ところで、下の池北側の丘陵地は善福寺城伝承地の一つとされている。そもそも、善福寺城というのは史料で確認することができないそうで、その実在も含めはっきりしておらずここを含め城があったとされる場所に発見された遺構もないという。
善福寺周辺は太田道灌が文明9年(1477年)に江古田・沼袋原の戦い(江古田原合戦)で布陣したとする伝承もあるというが、太田道灌の行軍ルートも諸説あるので真相はわからない。
親水公園
伝承地から北へ進む。上の池と下の池の間はやや細くなった谷になっているが、谷の東側に水路が遅野井(おそのい)川親水施設として整備されている。遅野井川は善福寺川の旧称だそうだ。
上の池へ
バスが通る道路を渡って北側の上の池へ。
上の池
上の池はスワンボートなどが貸し出されていて乗り入れることができるが、水面は藻が発生しているのかかなり緑色に見える。
地図その3
上の池周辺の地図
青梅街道沿いを流れる六ヶ村用水から導水路を通して水を取り入れていたという話もあるようだが、それらしい遺構は見当たらなかった。
地図右側にある善福寺は曹洞宗の寺院で元は福寿庵と称していたとされ、善福寺池の名前の由来となった善福寺は池の西側にあった廃寺を指すので位置としては異なる。ただし、寺の縁起には福寿庵も善福寺と名乗っていたとする記載もあるというので、何らかの繋がりがあるのかもしれない。
市杵島神社
上の池北西あたりの離小島に建っている遅野井市杵島神社。元は橋がかかっていたようだが現在は渡ることは出来なさそうだ。

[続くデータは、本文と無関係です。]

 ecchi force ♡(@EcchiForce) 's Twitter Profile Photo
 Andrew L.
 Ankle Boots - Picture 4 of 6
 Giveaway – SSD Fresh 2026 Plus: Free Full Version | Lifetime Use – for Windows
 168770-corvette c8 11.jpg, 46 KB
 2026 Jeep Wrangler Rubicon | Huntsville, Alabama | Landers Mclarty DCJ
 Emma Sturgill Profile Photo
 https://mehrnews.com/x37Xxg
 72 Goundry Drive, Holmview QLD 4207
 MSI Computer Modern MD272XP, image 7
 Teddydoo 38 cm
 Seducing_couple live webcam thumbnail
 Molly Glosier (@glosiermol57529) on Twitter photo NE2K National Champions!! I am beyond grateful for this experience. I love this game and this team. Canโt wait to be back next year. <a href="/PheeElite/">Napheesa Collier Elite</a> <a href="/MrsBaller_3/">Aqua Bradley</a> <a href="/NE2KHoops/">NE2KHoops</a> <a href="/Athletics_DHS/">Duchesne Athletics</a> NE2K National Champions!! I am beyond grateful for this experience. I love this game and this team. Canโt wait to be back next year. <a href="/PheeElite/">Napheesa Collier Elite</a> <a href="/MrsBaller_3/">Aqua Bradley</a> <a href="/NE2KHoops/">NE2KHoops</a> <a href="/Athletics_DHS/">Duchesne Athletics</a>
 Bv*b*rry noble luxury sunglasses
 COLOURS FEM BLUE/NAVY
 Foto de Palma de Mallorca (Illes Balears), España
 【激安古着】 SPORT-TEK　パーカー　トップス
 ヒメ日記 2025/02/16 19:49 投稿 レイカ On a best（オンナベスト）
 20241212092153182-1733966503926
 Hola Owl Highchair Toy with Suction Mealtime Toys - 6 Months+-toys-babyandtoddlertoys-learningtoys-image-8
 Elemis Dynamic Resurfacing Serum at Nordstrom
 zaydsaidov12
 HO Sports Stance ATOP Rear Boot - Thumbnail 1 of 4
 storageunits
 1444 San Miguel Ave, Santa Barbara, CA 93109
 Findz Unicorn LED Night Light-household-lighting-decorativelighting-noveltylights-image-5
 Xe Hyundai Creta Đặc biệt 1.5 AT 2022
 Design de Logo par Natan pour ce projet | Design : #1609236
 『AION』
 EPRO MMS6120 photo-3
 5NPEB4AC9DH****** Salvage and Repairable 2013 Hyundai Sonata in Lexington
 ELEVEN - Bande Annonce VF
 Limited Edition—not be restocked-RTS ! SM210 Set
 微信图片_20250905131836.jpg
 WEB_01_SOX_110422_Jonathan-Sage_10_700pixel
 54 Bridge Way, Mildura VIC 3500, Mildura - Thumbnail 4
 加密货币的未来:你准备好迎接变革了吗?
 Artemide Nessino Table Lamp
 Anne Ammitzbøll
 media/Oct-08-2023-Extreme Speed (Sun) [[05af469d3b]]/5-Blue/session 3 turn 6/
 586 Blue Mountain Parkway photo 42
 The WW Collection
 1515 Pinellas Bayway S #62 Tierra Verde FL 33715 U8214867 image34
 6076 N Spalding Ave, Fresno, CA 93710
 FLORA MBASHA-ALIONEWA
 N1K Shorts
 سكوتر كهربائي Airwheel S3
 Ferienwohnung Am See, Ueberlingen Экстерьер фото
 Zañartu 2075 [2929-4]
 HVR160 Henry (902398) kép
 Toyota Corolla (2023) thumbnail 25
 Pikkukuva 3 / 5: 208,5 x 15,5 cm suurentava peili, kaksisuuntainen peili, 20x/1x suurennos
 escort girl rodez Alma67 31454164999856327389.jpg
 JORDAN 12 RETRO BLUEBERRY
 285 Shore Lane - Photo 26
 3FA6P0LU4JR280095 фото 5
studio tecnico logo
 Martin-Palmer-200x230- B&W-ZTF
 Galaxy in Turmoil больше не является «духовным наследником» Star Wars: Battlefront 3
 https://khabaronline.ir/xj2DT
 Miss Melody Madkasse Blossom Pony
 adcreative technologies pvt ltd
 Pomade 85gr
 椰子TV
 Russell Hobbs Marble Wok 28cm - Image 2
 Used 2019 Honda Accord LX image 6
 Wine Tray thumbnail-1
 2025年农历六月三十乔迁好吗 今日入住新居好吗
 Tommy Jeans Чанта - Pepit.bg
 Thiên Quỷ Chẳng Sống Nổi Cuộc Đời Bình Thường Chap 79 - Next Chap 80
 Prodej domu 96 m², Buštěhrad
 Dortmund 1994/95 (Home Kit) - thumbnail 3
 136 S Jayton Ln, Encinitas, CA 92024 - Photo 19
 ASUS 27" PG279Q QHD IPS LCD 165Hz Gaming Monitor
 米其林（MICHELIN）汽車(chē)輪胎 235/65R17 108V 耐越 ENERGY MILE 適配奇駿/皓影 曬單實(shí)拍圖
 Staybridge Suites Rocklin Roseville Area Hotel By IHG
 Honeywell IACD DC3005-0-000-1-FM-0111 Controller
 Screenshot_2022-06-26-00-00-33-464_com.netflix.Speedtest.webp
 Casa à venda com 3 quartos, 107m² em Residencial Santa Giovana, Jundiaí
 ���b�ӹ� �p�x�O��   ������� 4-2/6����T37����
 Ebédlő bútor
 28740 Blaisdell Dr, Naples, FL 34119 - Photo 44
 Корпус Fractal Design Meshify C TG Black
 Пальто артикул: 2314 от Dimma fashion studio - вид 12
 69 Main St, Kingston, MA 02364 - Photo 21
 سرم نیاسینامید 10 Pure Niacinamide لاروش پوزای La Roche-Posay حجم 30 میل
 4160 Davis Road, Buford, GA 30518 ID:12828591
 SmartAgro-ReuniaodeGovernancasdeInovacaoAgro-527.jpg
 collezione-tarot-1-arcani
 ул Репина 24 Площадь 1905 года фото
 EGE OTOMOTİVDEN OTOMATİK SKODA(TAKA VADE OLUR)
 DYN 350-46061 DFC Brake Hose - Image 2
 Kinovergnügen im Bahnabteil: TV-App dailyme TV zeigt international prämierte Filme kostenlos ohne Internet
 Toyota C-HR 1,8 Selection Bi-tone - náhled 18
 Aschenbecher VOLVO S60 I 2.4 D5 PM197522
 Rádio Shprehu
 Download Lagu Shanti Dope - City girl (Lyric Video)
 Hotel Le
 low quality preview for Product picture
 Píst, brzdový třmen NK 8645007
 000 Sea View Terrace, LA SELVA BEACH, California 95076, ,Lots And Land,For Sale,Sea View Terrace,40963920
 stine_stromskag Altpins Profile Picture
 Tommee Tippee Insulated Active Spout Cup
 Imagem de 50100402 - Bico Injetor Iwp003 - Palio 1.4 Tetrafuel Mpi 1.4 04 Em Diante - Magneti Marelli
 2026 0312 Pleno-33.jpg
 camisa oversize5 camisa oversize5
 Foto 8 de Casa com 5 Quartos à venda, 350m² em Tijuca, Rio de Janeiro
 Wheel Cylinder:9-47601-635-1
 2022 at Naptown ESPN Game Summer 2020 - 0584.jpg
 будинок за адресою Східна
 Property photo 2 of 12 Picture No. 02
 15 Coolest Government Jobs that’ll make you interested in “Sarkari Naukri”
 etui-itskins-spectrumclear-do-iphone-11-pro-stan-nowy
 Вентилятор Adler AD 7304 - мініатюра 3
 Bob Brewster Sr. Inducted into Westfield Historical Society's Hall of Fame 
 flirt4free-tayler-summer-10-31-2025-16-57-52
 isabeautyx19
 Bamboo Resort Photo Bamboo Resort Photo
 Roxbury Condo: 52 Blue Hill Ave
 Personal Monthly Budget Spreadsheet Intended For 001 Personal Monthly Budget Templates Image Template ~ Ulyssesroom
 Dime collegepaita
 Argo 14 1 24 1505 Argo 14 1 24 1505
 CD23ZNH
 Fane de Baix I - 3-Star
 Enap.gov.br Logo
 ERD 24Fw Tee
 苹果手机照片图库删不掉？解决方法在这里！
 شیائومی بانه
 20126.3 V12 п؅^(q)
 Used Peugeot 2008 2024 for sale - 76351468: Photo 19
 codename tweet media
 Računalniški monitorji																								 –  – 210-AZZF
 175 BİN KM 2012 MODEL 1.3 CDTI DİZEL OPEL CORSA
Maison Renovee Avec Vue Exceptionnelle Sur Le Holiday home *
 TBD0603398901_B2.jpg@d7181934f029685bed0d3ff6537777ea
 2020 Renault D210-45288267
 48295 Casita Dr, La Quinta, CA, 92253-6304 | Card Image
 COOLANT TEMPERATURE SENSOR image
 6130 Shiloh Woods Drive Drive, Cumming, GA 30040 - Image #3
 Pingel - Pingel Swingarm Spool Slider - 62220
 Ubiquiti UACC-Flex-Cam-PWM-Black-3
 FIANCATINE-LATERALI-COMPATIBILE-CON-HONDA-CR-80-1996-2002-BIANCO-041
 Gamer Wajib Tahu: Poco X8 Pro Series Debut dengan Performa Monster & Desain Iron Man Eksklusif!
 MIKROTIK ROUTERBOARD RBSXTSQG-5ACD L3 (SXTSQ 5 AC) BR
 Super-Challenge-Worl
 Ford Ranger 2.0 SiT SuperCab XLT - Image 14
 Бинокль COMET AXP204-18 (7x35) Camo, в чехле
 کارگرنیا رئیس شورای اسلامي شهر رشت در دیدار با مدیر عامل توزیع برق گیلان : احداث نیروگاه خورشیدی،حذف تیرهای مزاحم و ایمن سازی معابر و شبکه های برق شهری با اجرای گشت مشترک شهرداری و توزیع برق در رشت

源頼朝が奥州征伐の途中、当地で飲み水を得ようと周辺を掘ったもののなかなか水が出ず、弁財天に祈願したことで水が出たことから建久8年(1197年)に江ノ島弁財天を勧請したのが始まりという。遅野井の地名もなかなか水が出てこなかったことに由来すると言われている。
遅野井の滝
市杵島神社の向かいには、湧水を利用して言い伝えを再現した遅野井の滝が作られている。
水路敷その1
善福寺池は北側にも谷筋があり、そこに3つの水路敷(さらにそこから枝分かれしている水路敷が1つ)が残っている。一番西側の水路敷は途中少し曲がっており、写真奥で枝分かれしている。
枝分かれ
西側の枝分かれを上流側から見たところ。水路敷自体にかなりの高低差がある。
善福寺稲荷神社
その西側には崖上に善福寺稲荷神社が建っている。
上流端
まっすぐ進んだ方の上流端から見たところ。こちらも緩やかだが坂道になっている。
水路敷その2
ひとつ東寄りの水路敷を下流側から見たところ。こちらはまっすぐに北側の道路に向かっており、高低差もほとんどない。
水路敷その3
道路を挟んでもっとも東寄りの水路敷もまっすぐ進んでいる。
北側から
最後に北側から上の池を見たところ。